Live Canvas rendering
Section titled “Live Canvas rendering”The Live Canvas pushes agent-rendered content (HTML, SVG, Markdown, or plain text) to the dashboard’s Canvas page in real time. Multiple named canvases are supported; the dashboard shows the latest frame and every WebSocket subscriber receives new frames instantly.
Operator tools
Section titled “Operator tools”| Tool | Parameters | Purpose |
|---|---|---|
render_canvas | content (required), content_type (html | svg | markdown | text, default html), canvas_id (default default) | Push a frame to a canvas. |
clear_canvas | canvas_id (default default) | Clear a canvas and its frame history. |
{ "content": "<svg viewBox='0 0 100 100'><circle cx='50' cy='50' r='40'/></svg>", "content_type": "svg", "canvas_id": "default"}Gateway endpoints and live updates
Section titled “Gateway endpoints and live updates”The same canvas system is exposed over the gateway for subscribing browsers and external callers. The dashboard subscribes over WebSocket; you can also drive a canvas from REST.
ws://host:port/ws/canvas/<canvas_id>?token=<bearer>On connect, the gateway sends the current snapshot (if any), then {"type":"connected","canvas_id":"..."}. New content arrives as {"type":"frame","canvas_id":"...","frame":{}}. A slow subscriber that falls behind the broadcast ring buffer receives {"type":"lagged","missed_frames":N}.
| Method | Path | Auth | Purpose |
|---|---|---|---|
GET | /api/canvas | Bearer | List active canvas IDs |
GET | /api/canvas/:id | Bearer | Get the current snapshot |
GET | /api/canvas/:id/history | Bearer | Get frame history |
POST | /api/canvas/:id | Loopback: none / external: Bearer | Push a frame |
DELETE | /api/canvas/:id | Loopback: none / external: Bearer | Clear the canvas |
A POST body matches the tool shape:
{ "content_type": "html", "content": "<h1>Live status</h1>" }For the full realtime surface, see Realtime: WebSocket, SSE & Live Canvas. On the dashboard side, see Agents, teams & canvas.
Remote nodes (hardware / IoT)
Section titled “Remote nodes (hardware / IoT)”Remote nodes are external processes — phones, sensors, IoT devices, or remote machines — that connect to the gateway over WebSocket and advertise capabilities (for example camera.snap or shell.exec).
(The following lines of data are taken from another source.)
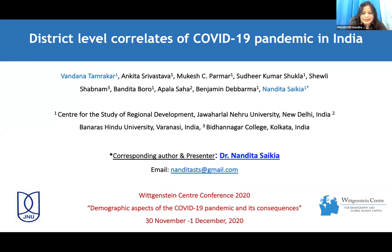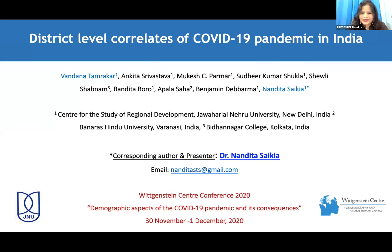I'm presenting this paper on behalf of my group: Bandana, Ankita, Mukesh, Dhir, Shivali, Bandita, Appala, and Benjamin.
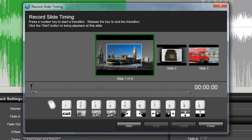Record Slide Timing is an interactive feature. What that means is that you'll use it to create slide and transition timing while watching a preview of your show.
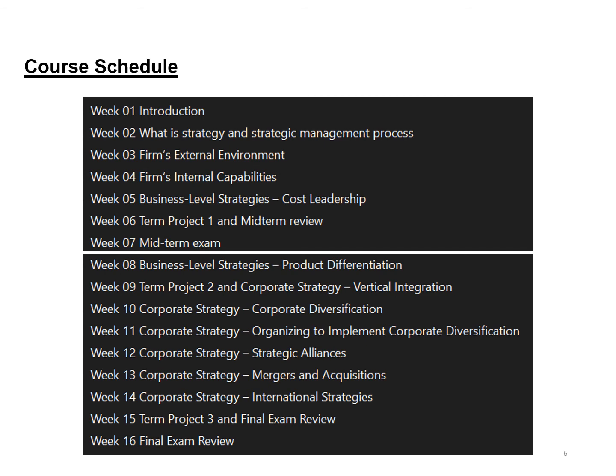The course is divided into 16 weeks, with the first seven weeks leading to the midterm examination. In Week 2, we discuss what strategy is and the strategic management process in detail. In Weeks 3 and 4, we dedicate time to understanding external analysis and internal analysis respectively. In Week 5, we move to strategic formulation. In Week 6, we cover business-level strategy including cost leadership, along with Term Project 1 presentation and midterm review. In Week 7, you will have the midterm exam.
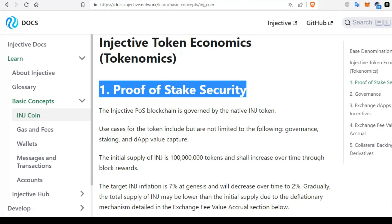The INJ platform inflation rate was initially set at 7% but is expected to decrease over time to 2%. However, the total supply of INJ may actually reduce below the initial supply, courtesy of the deflationary mechanism detailed in the exchange fee value accrual section.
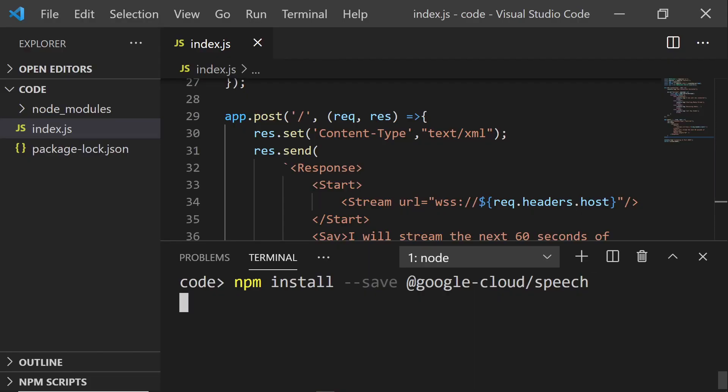We've got that working, but now we need to send those media packets over to Google and get them to transcribe it and send us back some text. The first thing we need to do is set up a new Google project so that we can get some credentials. Setting up the Google Cloud SDK is a bit different on different operating systems, so I've dropped a link in the description below that should help you get set up. Once you do that, just create a new project and enable the Speech-to-Text API on it. You should be able to download your keys and credentials as a JSON file — grab it and stick it into your project folder. Then run the following command to install the Google Cloud Speech-to-Text client libraries.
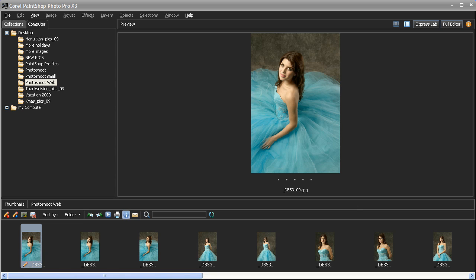The new batch processing feature in PaintShop Photo Pro X3 makes it easy to apply any number of edits you've done to one image to a whole series of images.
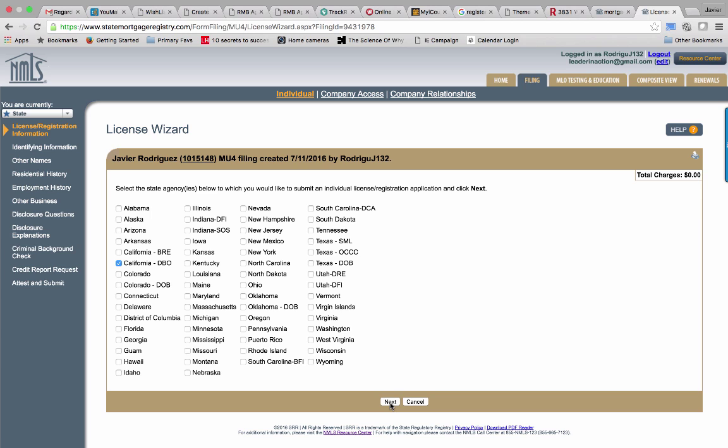At this point, you're going to go ahead and continue next and just follow with the rest of the information that's going to be requested from you, and you'll be good to go. If you click on the California BRE, like unfortunately so many people do, they're going to take your money but they're not going to give you a refund or even credit. You'll have to pay all over again under California DBO, which is what I'm showing you right now.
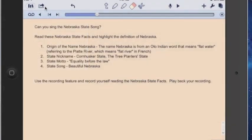So that is a little bit about Notability basics today. Thank you for watching TT4T.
Each advertised capability becomes a dynamically available agent tool, and the gateway dispatches invocations back to the originating node.
Operator tools
Section titled “Operator tools”| Tool | Parameters | Purpose |
|---|---|---|
list_nodes | (none) | List connected nodes and their capabilities. |
invoke_node | node_id (required), capability (required), args (default {}) | Invoke a capability on a node. |
Always call list_nodes first to discover what capabilities a node exposes, then invoke one:
{ "node_id": "phone-1", "capability": "camera.snap", "args": {} }Connecting a node
Section titled “Connecting a node”A node connects to the gateway’s dynamic node registry over WebSocket and registers its capabilities:
ws://host:port/ws/nodes?token=<bearer>Sub-protocol: revka.nodes.v1. The node sends a register frame; the gateway acks with registered:
{ "type": "register", "node_id": "phone-1", "capabilities": [ { "name": "camera.snap", "description": "Capture a photo from the rear camera", "parameters": { "type": "object", "properties": {} } } ]}When the agent invokes a capability, the gateway sends the node an invoke frame with a call_id, capability, and args; the node replies with a result frame (call_id, success, output, optional error). Capability parameters are a JSON Schema object, defaulting to {"type":"object","properties":{}}.
Auth and lifecycle:
- A node-specific
auth_tokenfrom config takes precedence; if no node token is configured, the gateway falls back to the standard pairing guard. node_idmust be 1–128 characters. Re-registering the samenode_idupdates the existing entry.- The registry has a configurable
max_nodescapacity. On WebSocket close, the node is automatically unregistered.
For the full node protocol and how capability names become agent tools, see Realtime: WebSocket, SSE & Live Canvas and the Hardware quickstart.